Regression Analysis cat12? (longitudinal)

Hi,

I recently started to analyse longitudinal data in cat12, which works great, as the manual is really helpful. I have 50 patients with two measurement points (6 months apart), and their respective symptom severity at both measurement timepoints.

Now, I was wondering if it is possible to run something like a regression analysis in cat12/spm12, something along the lines of “changes in symptom severity ~ changes in brain structure”, so if e.g. if an improvement in symptom severity would also be reflected by structural brain changes.
I am rather lost with the contrast, and I was wondering if anyone here can double check/confirm if things were done properly?

My design matrix looks as follows (see below in image): Column 1 and 2 represent the images (one group only) with the two different timepoints (column 1 = timepoint 1, column 2 = timepoint 2). Column 3 and 4 are symptom severity at timepoint 1 and 2. This, I prepared according to the CAT12 manual, which was very straight forward (Flexible factorial model).
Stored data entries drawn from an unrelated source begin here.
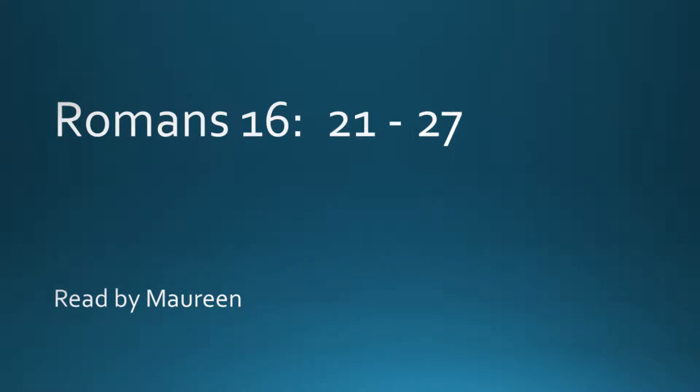This reading comes from Romans, chapter 16, verses 21 to 27.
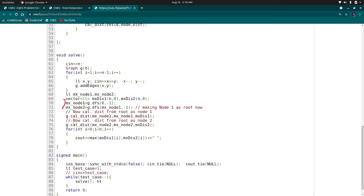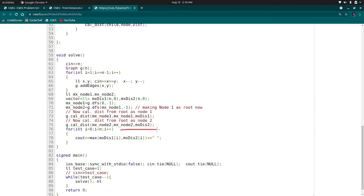After calling, we have both max node 1 and max node 2. Now we have to calculate the distance from both these nodes.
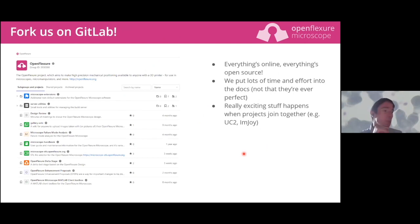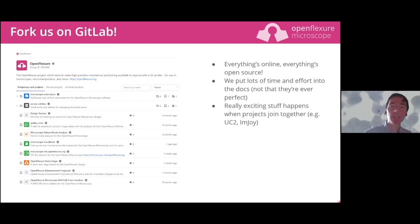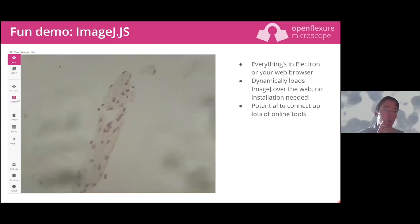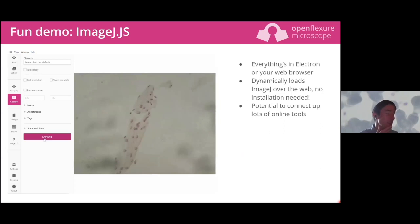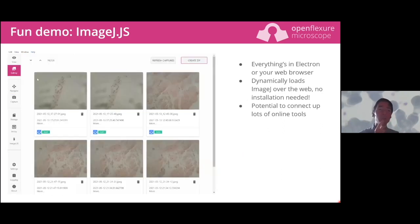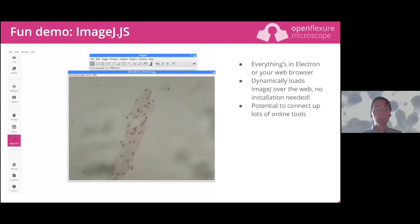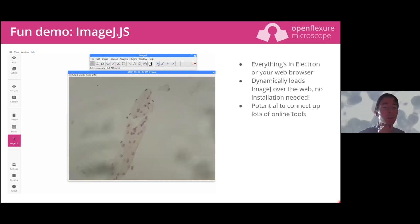Everything is available on GitLab - openflexure.org is probably the friendliest place to get started, but absolutely everything can be hacked about with and explored. It's designed to be extended. Here's a demo: we can capture an image in the microscope control software and load it in ImageJ, embedded within the microscope control software, all enabled by ImJoy - a fantastic plugin architecture for connecting different web apps for image analysis and microscopy.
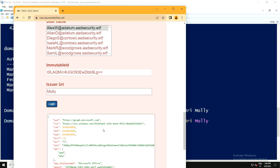There's a feature in identity federation where when you create a SAML token, you can put in a claim that says 'I already did MFA — don't do it again.' So you can bypass MFA entirely. Hopefully that will get fixed at some point.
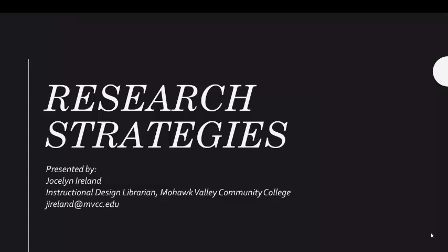Thanks for checking out this video! I'll be going over the steps of the research process, how to find sources on the MVCC library website, and effective search strategies to find sources successfully. Let's start off with the research process.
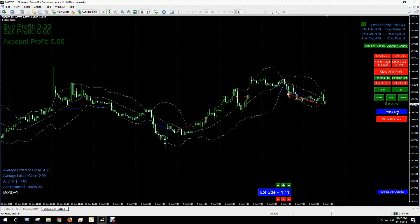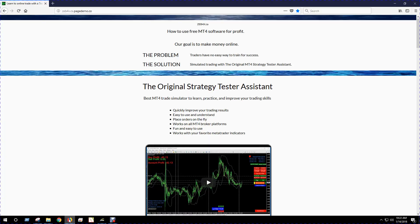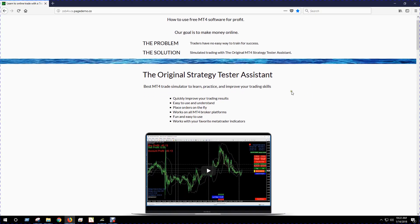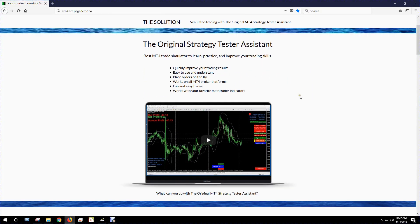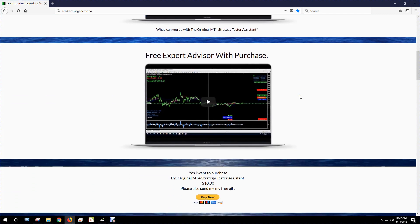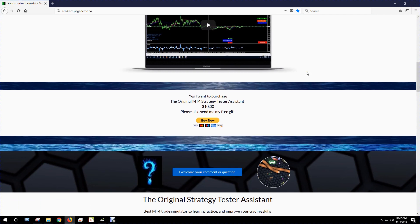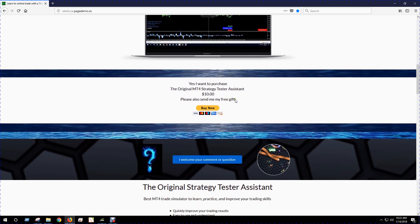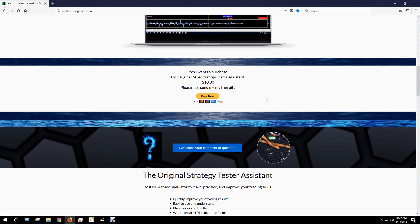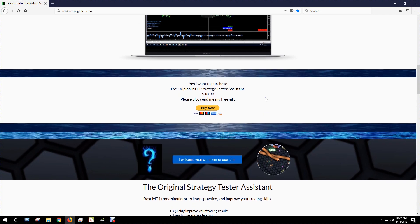So there it is, there's a quick look at the original strategy tester that I developed and I offer on my website, which I think I have here, zforex.ca, the original strategy tester assistant. I give you a bonus EA with a purchase, and you can just get that for ten bucks using PayPal. So there it is, if you decide to buy, you just pay your ten bucks and then you can download it right away.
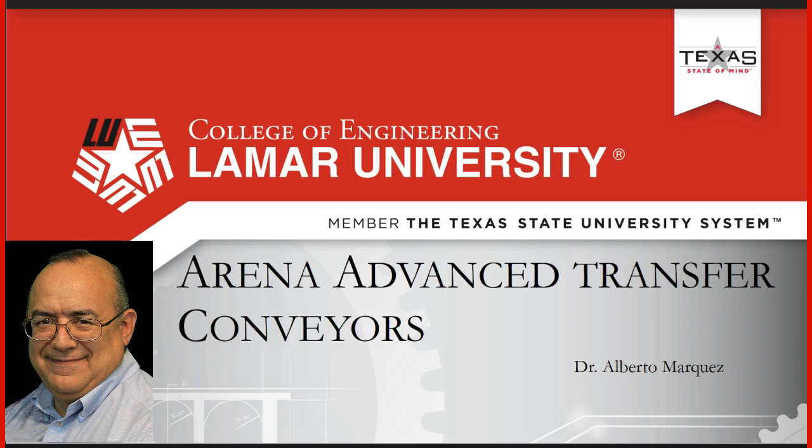Hello everybody, my name is Alberto Márquez. In this video we will discuss advanced transfer conveyors in ARENA.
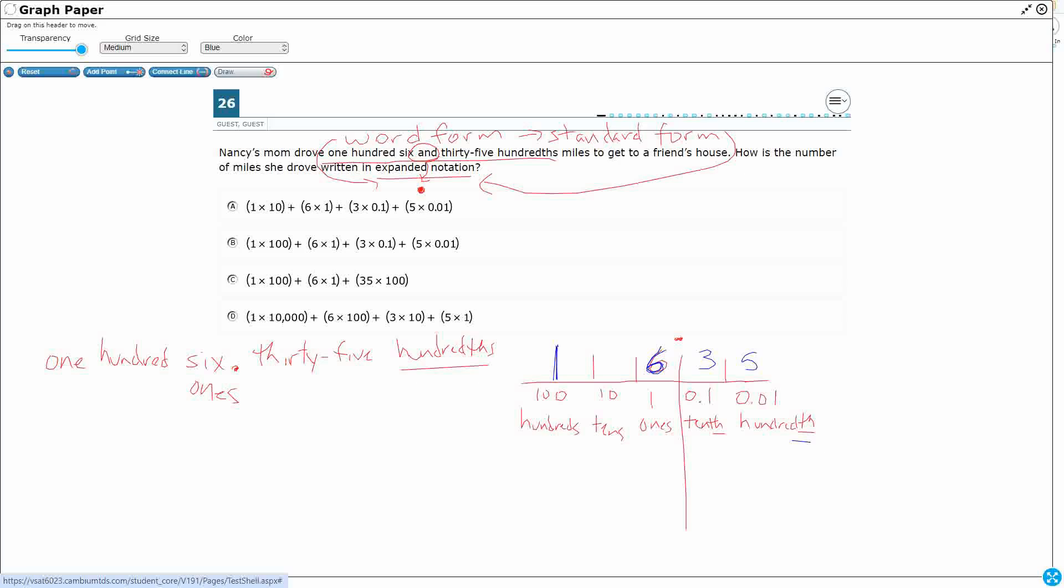All right, so I've got all this. I've got one hundred right there. Six. That's just six ones. And thirty-five hundredths. I don't have anything in the tens. I'm going to put a zero there as a placeholder. All right, so now I've got my number in standard form. One-zero-six-point-three-five.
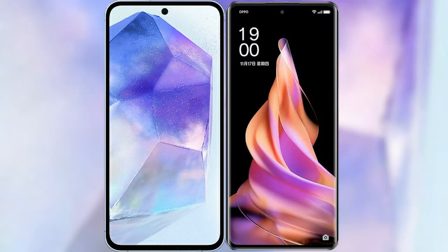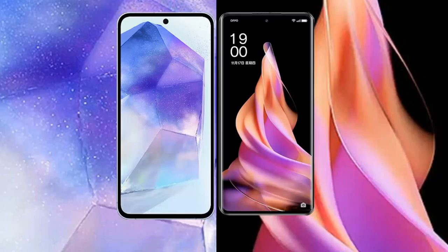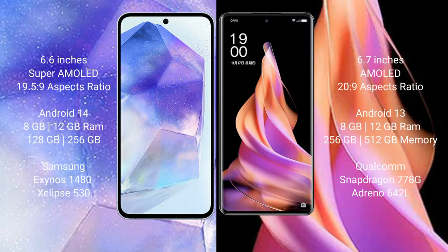I will compare the new Samsung Galaxy A55 with Oppo Reno 9. Samsung Galaxy A55 comes with a 6.6-inch Super AMOLED display and Saxopresso 19-5-9. Oppo Reno 9 comes with a 6.7-inch AMOLED display and Saxopresso 20-9.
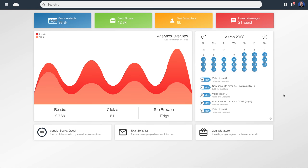When you first log into Email Blaster you'll be taken to this dashboard screen. Email Blaster is cloud-based so you can access the software from any web browser with an internet connection via a secure username and password.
Regarding the contrasts, I found some examples on how to do regression analyses in cat12/spm for cross-sectional data with two groups, and tried to adapt it for my longitudinal data with one group. And I got the following “possible” contrasts:


% Contrasts

matlabbatch{4}.spm.stats.con.spmmat(1) = cfg_dep('Model estimation: SPM.mat File', substruct('.','val', '{}',{3}, '.','val', '{}',{1}, '.','val', '{}',{1}), substruct('.','spmmat'));
matlabbatch{4}.spm.stats.con.consess{1}.tcon.name = 'T1 > FUP';
matlabbatch{4}.spm.stats.con.consess{1}.tcon.weights = [1 -1];
matlabbatch{4}.spm.stats.con.consess{1}.tcon.sessrep = 'none';
matlabbatch{4}.spm.stats.con.consess{2}.tcon.name = 'T1 < FUP';
matlabbatch{4}.spm.stats.con.consess{2}.tcon.weights = [-1 1];
matlabbatch{4}.spm.stats.con.consess{2}.tcon.sessrep = 'none';
matlabbatch{4}.spm.stats.con.consess{3}.fcon.name = 'Any difference in time';
matlabbatch{4}.spm.stats.con.consess{3}.fcon.weights = [0.5 -0.5
                                                        -0.5 0.5];
matlabbatch{4}.spm.stats.con.consess{3}.fcon.sessrep = 'none';
matlabbatch{4}.spm.stats.con.consess{4}.tcon.name = 'Regression slope T1 > FUP';
matlabbatch{4}.spm.stats.con.consess{4}.tcon.weights = [0 0 1 -1];
matlabbatch{4}.spm.stats.con.consess{4}.tcon.sessrep = 'none';
matlabbatch{4}.spm.stats.con.consess{5}.tcon.name = 'Regression slope T1 < FUP';
matlabbatch{4}.spm.stats.con.consess{5}.tcon.weights = [0 0 -1 1];
matlabbatch{4}.spm.stats.con.consess{5}.tcon.sessrep = 'none';
matlabbatch{4}.spm.stats.con.consess{6}.fcon.name = 'Any differences in Regression slope';
matlabbatch{4}.spm.stats.con.consess{6}.fcon.weights = [0 0 1 -1];
matlabbatch{4}.spm.stats.con.consess{6}.fcon.sessrep = 'none';
matlabbatch{4}.spm.stats.con.consess{7}.fcon.name = 'Effects of interest (for plotting)';
matlabbatch{4}.spm.stats.con.consess{7}.fcon.weights = [0 0 1 0
                                                        0 0 0 1];
matlabbatch{4}.spm.stats.con.consess{7}.tcon.sessrep = 'none';
matlabbatch{4}.spm.stats.con.consess{8}.fcon.name = 'Interaction effect';
matlabbatch{4}.spm.stats.con.consess{8}.fcon.weights = [zeros(2,2) eye(2)-1/2];
matlabbatch{4}.spm.stats.con.consess{8}.tcon.sessrep = 'none';
matlabbatch{4}.spm.stats.con.delete = 0;

I’m particularly interested whether 1. this is even correct (especially contrasts 4-8)?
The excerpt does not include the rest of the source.